--- ASSIGNED TASK ---
Find the string "with" in the data, and copy out each line that has it.

--- AVAILABLE RECORDS ---
=== Section Start ===
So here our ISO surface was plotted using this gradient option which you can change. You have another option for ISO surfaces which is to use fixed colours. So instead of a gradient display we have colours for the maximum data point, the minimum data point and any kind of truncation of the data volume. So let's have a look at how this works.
=== Section End ===
=== Section Start ===
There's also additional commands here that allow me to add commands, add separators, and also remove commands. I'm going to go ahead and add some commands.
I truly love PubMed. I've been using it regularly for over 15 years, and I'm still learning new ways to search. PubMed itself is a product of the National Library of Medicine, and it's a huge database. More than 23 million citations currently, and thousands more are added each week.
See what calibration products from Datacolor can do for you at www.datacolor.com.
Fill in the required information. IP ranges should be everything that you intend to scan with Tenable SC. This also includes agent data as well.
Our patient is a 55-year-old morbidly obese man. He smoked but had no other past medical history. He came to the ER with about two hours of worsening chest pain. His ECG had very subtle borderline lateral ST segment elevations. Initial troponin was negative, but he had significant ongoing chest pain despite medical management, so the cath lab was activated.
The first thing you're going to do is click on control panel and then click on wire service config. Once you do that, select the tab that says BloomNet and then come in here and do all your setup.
=== Section End ===
=== Section Start ===
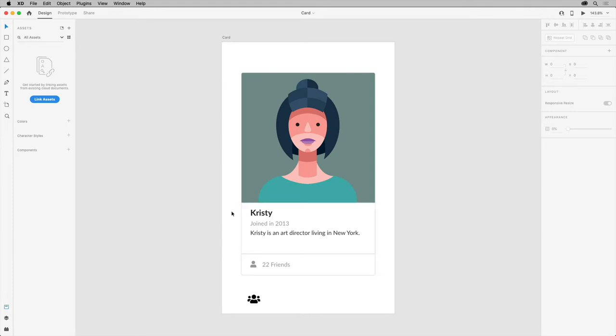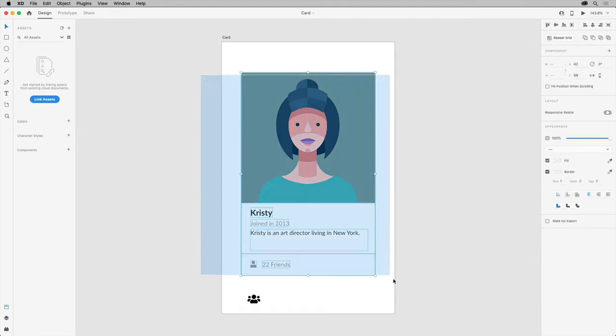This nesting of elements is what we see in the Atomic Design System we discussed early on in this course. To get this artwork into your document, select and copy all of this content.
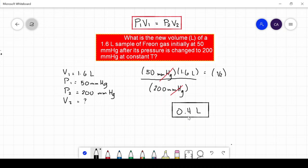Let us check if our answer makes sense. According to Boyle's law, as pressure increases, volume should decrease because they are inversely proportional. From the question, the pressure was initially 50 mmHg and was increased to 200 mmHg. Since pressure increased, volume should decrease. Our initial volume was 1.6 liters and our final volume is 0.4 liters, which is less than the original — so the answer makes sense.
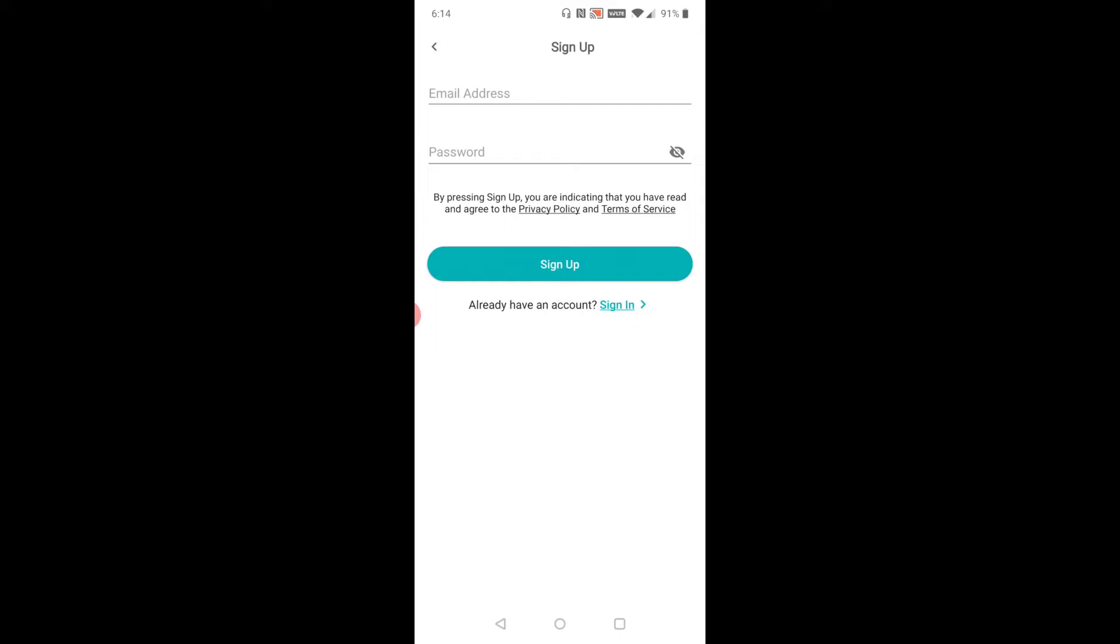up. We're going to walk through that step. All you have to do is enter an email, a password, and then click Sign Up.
=== Section End ===
--- SOLVED EXERCISE ---
Fill in the required information. IP ranges should be everything that you intend to scan with Tenable SC. This also includes agent data as well.
Our patient is a 55-year-old morbidly obese man. He smoked but had no other past medical history. He came to the ER with about two hours of worsening chest pain. His ECG had very subtle borderline lateral ST segment elevations. Initial troponin was negative, but he had significant ongoing chest pain despite medical management, so the cath lab was activated.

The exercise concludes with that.